Taseer lamented the power of the religious mob in an interview last summer following bombings of mosques belonging to the Ahmadi sect, whose members identify themselves as Muslims but are barred by the constitution from “posing” as such. Taseer – whose appointed position gave him little direct power in Punjab – condemned the provincial government of Sharif’s center-right PML-N for what he called its tolerance of radical religious groups.
“Extremist people are not in the majority,” Taseer said at the time. “This is a very narrow minority, but . . . they are always prepared to do and die. That is their strength.”
On Dec. 24, he had posted on his Twitter account: “My observation on minorities: A man/nation is judged by how they support those weaker than them not how they lean on those stronger.”
Authorities said Taseer’s guard, a member of an elite Punjab provincial police force that provides VIP security, shot the governor multiple times outside the Kohsar market in Islamabad, a small shopping plaza near his residence that is frequented by foreigners. The guard proudly surrendered to police afterward, according to local news reports.

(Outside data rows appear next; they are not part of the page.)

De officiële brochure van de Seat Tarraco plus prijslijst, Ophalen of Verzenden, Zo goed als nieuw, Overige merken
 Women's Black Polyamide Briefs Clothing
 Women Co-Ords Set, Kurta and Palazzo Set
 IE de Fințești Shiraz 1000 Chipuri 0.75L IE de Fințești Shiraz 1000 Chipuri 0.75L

Most political parties condemned the killing, and the government announced a three-day mourning period, during which political activity would be suspended. Zardari, to whom Taseer was close, called the assassination “ghastly.”
“The governor of Punjab was the bravest person in our government, and the stands he took for women, minorities and on the blasphemy law were incredibly brave and will never be forgotten,” Farahnaz Ispahani, a Zardari spokeswoman, said in an interview.
Taseer, who began his political career as a PPP student activist, was a successful businessman who played polo and smoked heavily. With his flashy sunglasses and frequent Twitter dispatches, Taseer, 66, cut a rather shocking figure in a country dominated by conservative social mores.
Critics assailed him for fathering a child with an Indian journalist while he was still married to the mother of his other children. In 2008, minor scandals broke out when opponents published photos online of him holding wine glasses at parties and of one of his daughters wearing shorts and dancing.
Despite the alleged gunman’s confession, Taseer’s killing was sure to be swept up in the conspiracy theories that permeate Pakistani politics, particularly in times of turmoil. Interior Minister Rehman Malik said investigators would seek to determine whether the suspect acted alone or was “asked” to carry out the attack.
In the hours after the killing, some criticism centered on the PML-N-led Punjab government, which provided Taseer’s police guard. There was no indication Tuesday night that the party played a role.
But the PML-N might yet bring down the PPP, whose government faces growing criticism over corruption, a floundering economy and a ham-handed response to last year’s devastating floods. The ruling party’s coalition partner, the Muttahida Qaumi Movement, withdrew from the government Sunday, weakening its mandate by depriving it of a parliamentary majority.
A united opposition could pass a vote of no confidence in Prime Minister Yousaf Raza Gillani, leading to his ouster and potentially triggering early elections. That has appeared unlikely, because of divisions among opposition parties. But Sharif threatened Tuesday to “ask the opposition parties to come forward and we will give them our full support” if the government does not show progress on reforms within 45 days, according to the Associated Press.
Like many in the PPP, Taseer often criticized opposition parties for stoking political instability in a country that has been ruled by the military for half its 63-year history and where an elected government has never completed its term.
Religious extremism, Taseer said last summer, would be quashed only by the “continuous, functional position of a democratic system.”